Wie had dat verwacht? In Genève heeft de Hoge Commissaris voor de mensenrechten van de Verenigde Naties zopas een hele reeks aanbevelingen gedaan ter verdediging van mensenrechten in het internationale systeem van drugscontrole en -bestrijding. Daarmee gaat hij regelrecht in tegen het jarenlange beleid van UNODC, het United Nations Office on Drugs and Crime, dat ook in Genève zijn hoofdkwartier heeft.

De Hoge Commissaris is de Jordaanse prins Zeid Ra’ad Zeid Al-Hussein, en de omslag zou niet alleen te maken hebben met Al-Husseins engagement voor de mensenrechten, maar ook met de groeiende druk van Latins-Amerikaanse staten. Die ondergaan immers op grote schaal de verwoestende effecten van het prohibitionistische beleid.

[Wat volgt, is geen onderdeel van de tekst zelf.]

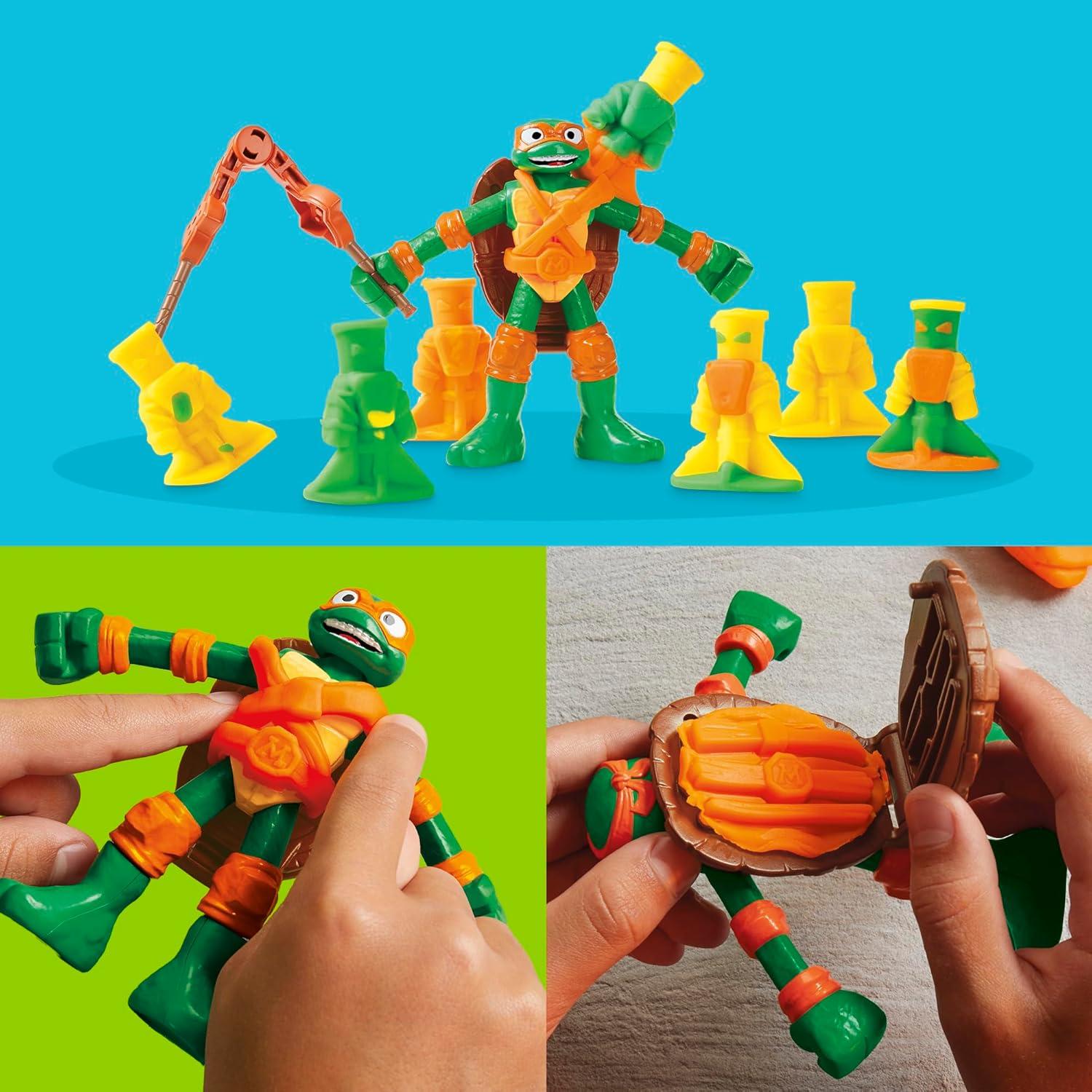 Set de Pizza Play-Doh Tortugas Ninja Michelangelo 0.89 kg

De zestien pagina’s van de nota van Al-Hussein maken alvast qua terminologie het verschil. Sinds decennia kon in teksten van de Verenigde Naties uitsluitend sprake zijn van ‘drug abuse’. Nu blijkt dat drugs ook gewoon kunnen gebruikt worden. Verder bepleit Al-Hussein onder meer: de volledige depenalisering van de persoonlijke consumptie van psychotrope middelen, zonder onderscheid te maken tussen lichte of ‘hard drugs’; alternatieven voor vrijheidsberoving in het geval van verdachten met verslavingsproblemen; een verbod op gedwongen onthouding met het oog op bekentenissen of informatie; volledige, en niet uitsluitend dreigende, informatie aan jongeren inzake drugsgebruik; het aanvaarden van het traditioneel of gewijd gebruik van bepaalde illegale stoffen; een duidelijk verbod op de doodstraf in het geval van misdrijven die te maken hebben met de consumptie van of handel in verboden middelen; en hoe dan ook het bevorderen van harm reduction als algemeen beleid.

De aanbevelingen van Al-Hussein komen niet echt uit de lucht vallen. Al jaren wordt er op institutioneel niveau binnen de Verenigde Naties druk uitgeoefend om af te stappen van het desastreuze beleid van prohibitionisme. Maar ook op kleinere schaal, in gemeenten, regio’s en deelstaten in Latijns-Amerika, de Verenigde Staten en Europa zie je pogingen om op een normale manier om te gaan met mensen die verboden roesmiddelen willen consumeren. Dat is niet alleen een kwestie van mensenrechten, maar ook van puur pragmatisme en goed bestuur.

De nota wordt op 28 september besproken tijdens de dertigste zitting van de VN-Raad voor de mensenrechten.